[In-Database Python Analysis Tutorial with SQL Server 2017] Step 3: Data Exploration and Visualization

From the beginning of the tutorial

In-Database Python Analysis for SQL Developers

Previous step

Step 2: Import data into SQL Server using PowerShell

Next step

Step 4: Feature extraction of data using T-SQL

Step 3: Data exploration and visualization

Data science solution development typically involves intensive data exploration and data visualization. In this step, you will explore the sample data and generate some plots. In addition, you will learn how to serialize graphics objects in Python and how to deserialize and create plots.

[!NOTE] This tutorial only shows the binary classification model. It is also possible to build other models such as regression classification and multinomial classification.

Data confirmation

The original dataset provides the taxi identifier and driving record in separate files, but we have joined with medallion, hack_license, and pickup_datetime as keys to make the sample data easier to use. The records used are sampled at 1% of the original number of records. The sampled dataset has 1,703,957 rows and 23 columns.

** Taxi identifier **

--The medallion column shows the unique ID number of the taxi. --The hack_license column shows the driver's anonymized driver's license number.

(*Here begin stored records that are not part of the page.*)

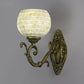 Frendorf | Shell Global Wandlamp met Gebogen Arm Landelijke Stijl 1 Kop slaapkamer Wandmontage Lamp in Beige/Beige-Rood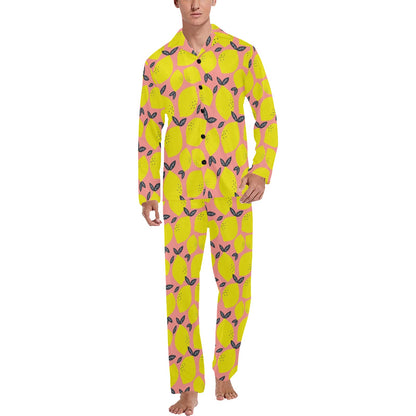 Lemon Pattern Print Design LM03 Men's Long Sleeve Pajama Set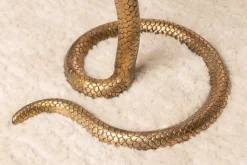 Runder Beistelltisch WILDLIFE SNAKE 65cm kupfer antik Metall Glas handmade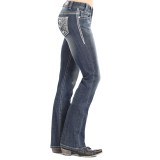 Rock & Roll Cowgirl Silver and Crystal Jeans - Low Rise, Bootcut (For Women)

** Driving record and fare record **

――Each driving record includes the location and time of boarding and alighting, and the driving distance. --Each fare record contains payment information such as payment type, total payment amount, tip amount and so on. --The last three columns can be used for various machine learning tasks. --The tip_amount column contains consecutive numbers and can be used as a label column (objective variable) for regression analysis. --The tipped column has only yes / no values and can be used as a label column (objective variable) for binary classification. --The tip_class column has multiple ** class labels ** and can be used as a label column (objective variable) for multinomial classification. --The value used as the label column is based on the tip_amount column.

 |Column|rule|
 |:--|:--|
 |tipped|If tip_amount > 0, tipped = 1, otherwise tipped = 0|
 |tip_class|Class 0: tip_amount =$ 0<br/> Class 1: tip_amount >$ 0and tip_amount <=$ 5<br/> Class 2: tip_amount >$ 5and tip_amount <=10 dollars<br/> Class 3: tip_amount >10 dollarsand tip_amount <=$ 20<br/> Class 4: tip_amount >$ 20|

Create plots in Python within T-SQL

Visualization is important for understanding the distribution of data and outliers, and Python provides many packages for data visualization. The matplotlib module includes many features for creating histograms, scatter plots, box plots, and other data exploration graphs.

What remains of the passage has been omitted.